The model learned to recognize 1,600 types of handwritten characters in 50 alphabets including Latin, Greek and Sanskrit. To build it, researchers used a new framework called Bayesian Program Learning that imitates the way that humans learn.
“The ultimate learning machines are humans,” says Ruslan Salakhutdinov (University of Toronto), a senior fellow in CIFAR’s program in Learning in Machines & Brains (formerly known as Neural Computation & Adaptive Perception). He co-authored the paper in Science describing the new research, along with Joshua Tenenbaum (Massachusetts Institute of Technology) and lead author Brenden Lake (New York University).
Humans can see an example of something — say a car — only once, and immediately learn a great deal about it. They can classify it in a category of objects they already know, such as bikes and motorcycles, draw what it looks like and understand its components, such as wheels and doors. By contrast, it takes hundreds or thousands of examples for a computer to learn to recognize and classify an object in an image.
Lake, who is a cognitive scientist and a computer scientist, noticed that humans were also excellent at learning and reproducing hand-written characters with only one example, even when the characters were in an unfamiliar script such as Tibetan. He found people could also invent new characters with similar styles easily.
“People are very creative. It’s very hard for machines to do that,” says Salakhutdinov. Bayesian Program Learning tries to mimic that ability, in part by incorporating prior knowledge in order to learn new concepts. For example, the model can learn that in handwriting people tend to write in short, unbroken strokes. Building on that knowledge, it learns to recognize new concepts about writing in other languages and generate new examples.
For instance, the model might first learn only how to generate a simple stroke, Then it can build on that ability to combine strokes.

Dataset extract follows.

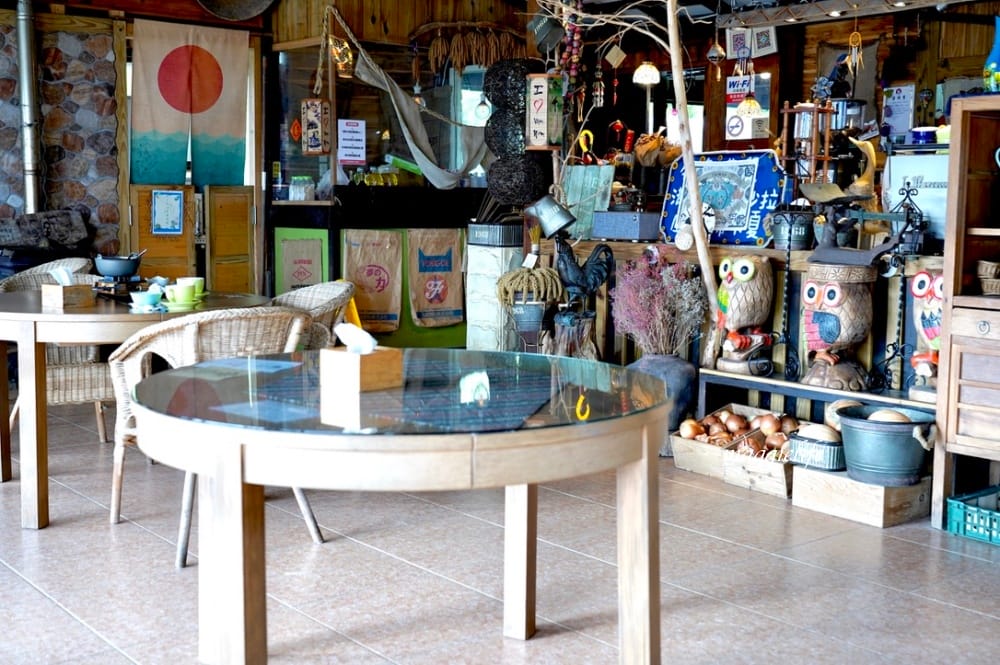 新竹尖石｜魯碧一家人，山巒與雲端之中的景觀咖啡廳民宿，吃原住民餐享受美景！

Based on what it learns, the model generates hypotheses about what characters look like and how each stroke leads to the next.

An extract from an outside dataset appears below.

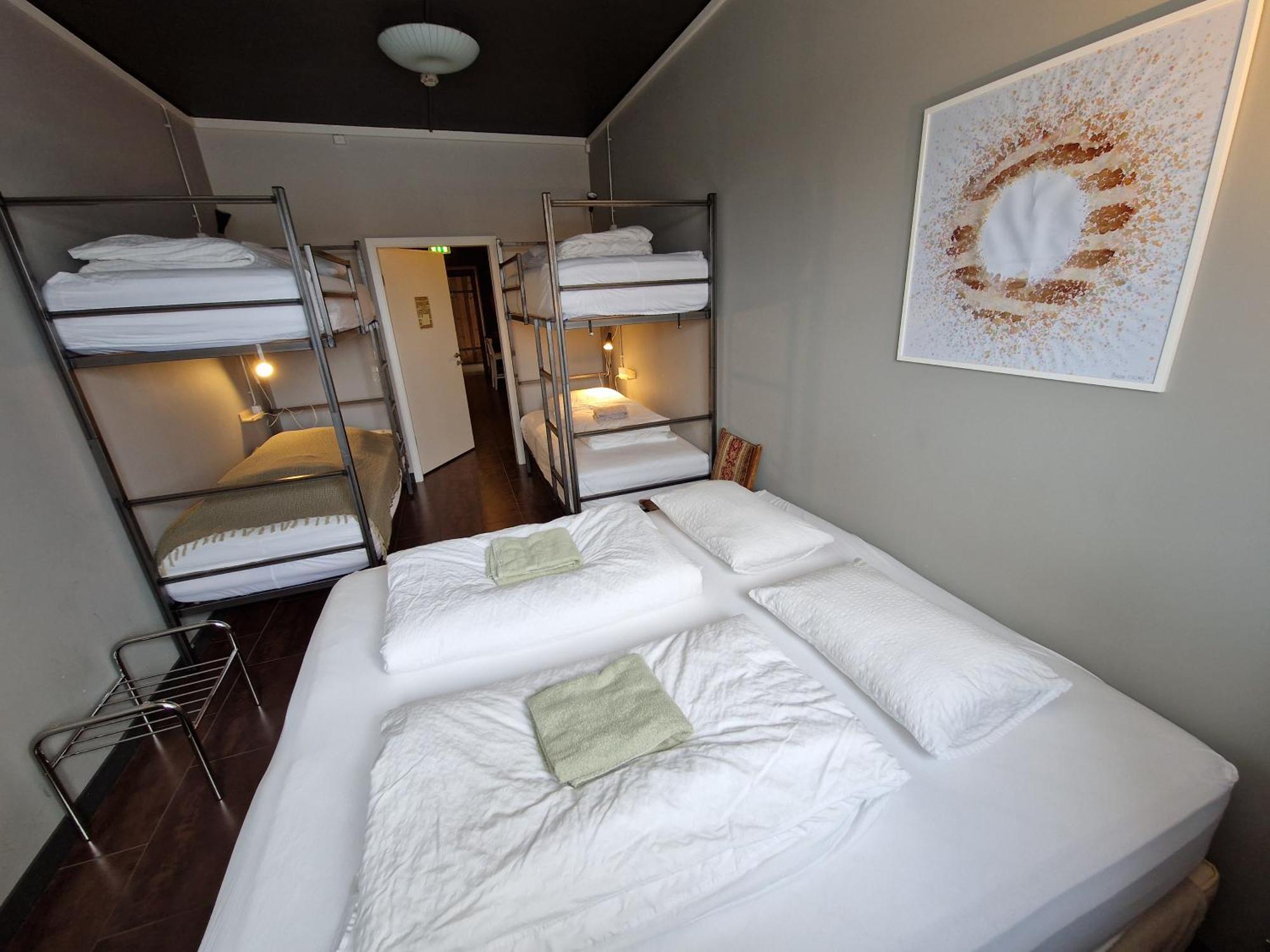 Tehusith Hostel & Guesthouse エイイルススタジル エクステリア 写真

The approach drastically shortens the number of examples needed to learn a hand-written character.
The researchers also tested the model’s knowledge by comparing its outputs to humans’ and asking judges to tell them apart. Three quarters of the judges had difficulty telling the difference between the computer-generated characters and the human-drawn ones.
Salakhutdinov was a PhD student of CIFAR Distinguished Fellow Geoffrey Hinton (University of Toronto). They co-authored a seminal machine learning paper a decade ago describing an algorithm that learned handwritten numerals through thousands of training examples. That model used an approach called deep learning, which is now in use by major companies such as Google, Microsoft and Baidu.
The new model performed better than recent deep learning models, but Salakhutdinov says there could be ways of integrating them to improve performance even more. The main difference is that deep learning is “data hungry,” he says, requiring thousands of examples, whereas Bayesian Program Learning tries to learn from prior knowledge and incorporate creativity.
He says applications could include speech recognition that is more human. Current speech recognition models struggle to learn rare words. Salakhutdinov gives the example of the word “Darth Vader.” The first time a person hears it, they may learn some context about where it comes from, but after that they will recognize it and connect it with Star Wars. An algorithm that could learn like that would have a much better vocabulary.
“Imagine that you are building a robot that can roll around and learn tens of thousands of different concepts. It needs to learn just like kids do — the first time they see something, they learn it.”
Just as kids quickly learn what a high five means, a robot built successfully to learn this way could recognize gestures upon first encounter too. So your hypothetical robot could discuss the next Star Wars movie and give you a high five when you buy the tickets.